Huge cuts to Section 8 came as a result of the federal sequester, which went into effect earlier this year and chopped around $85 billion off the nation’s budget.
A representative of the city’s Department of Housing Preservation and Development told this newspaper on Oct. 31 that H.P.D. Commissioner RuthAnne Visnauskas, who was appointed in September, will travel to the nation’s capital sometime within the next several weeks, and that Section 8 will be a major part of her discussions there.
The sequester forced H.P.D. to take a budget cut of around $35 million for 2013, and the department estimates that it will face a budget deficit of around $40 million in 2014 if Congress doesn’t agree on a way to solve the budget crisis.
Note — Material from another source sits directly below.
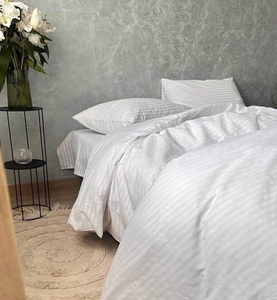 Juego de edredón de algodón a rayas bordado moderno, ropa de cama de 4 piezas, Sábana plana/bajera, 2 fundas de almohada, manta de edredón suave para todas las estaciones - Product Image 1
So starting in July, H.P.D. scaled down the Section 8 voucher program, which provides money for housing to around 30,000 low-income residents across the city. The agency asked some voucher holders to either pay a greater share of their rent or agree to relocate to a smaller apartment.
Matthew Wambua, the previous H.P.D. boss, called that policy change “the best option in a bad situation,” following its implementation. He said the department would have had to terminate nearly 3,000 vouchers — and 3,300 more in 2014 — if no cash-saving changes were made to the program.
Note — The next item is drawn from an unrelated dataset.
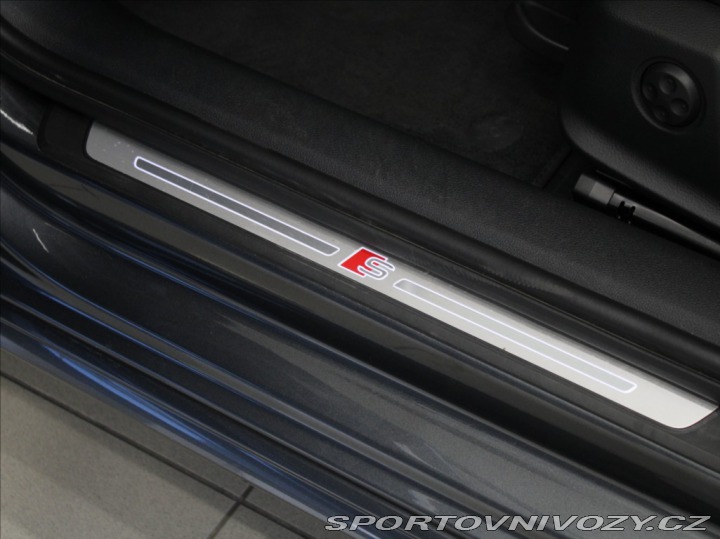 Audi A4 2,0 40TDI S-line Záruka Č 2022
During an Oct. 30 press conference at which she announced an allocation of federal disaster relief funding to a Lower East Side housing complex that was damaged by Hurricane Sandy, Visnauskas alluded to her focus on the problems associated with sequester cuts.
“We’re going to need the support of [members of Congress] as we work our way through this ongoing federal budget crisis that’s affected so many of our federal housing programs and social services,” she said.
Congressmember Jerrold Nadler, who has consistently condemned the social services cuts brought on by the sequester, while also urging H.P.D. to consider other option besides its current policy changes, said he “looks forward to” Visnauskas’ visit.
Around 10 percent of Manhattan residents who receive Section 8 subsidies live in the East Village or Lower East Side, according to statistics provided by an H.P.D. official and data published on the agency’s Web site.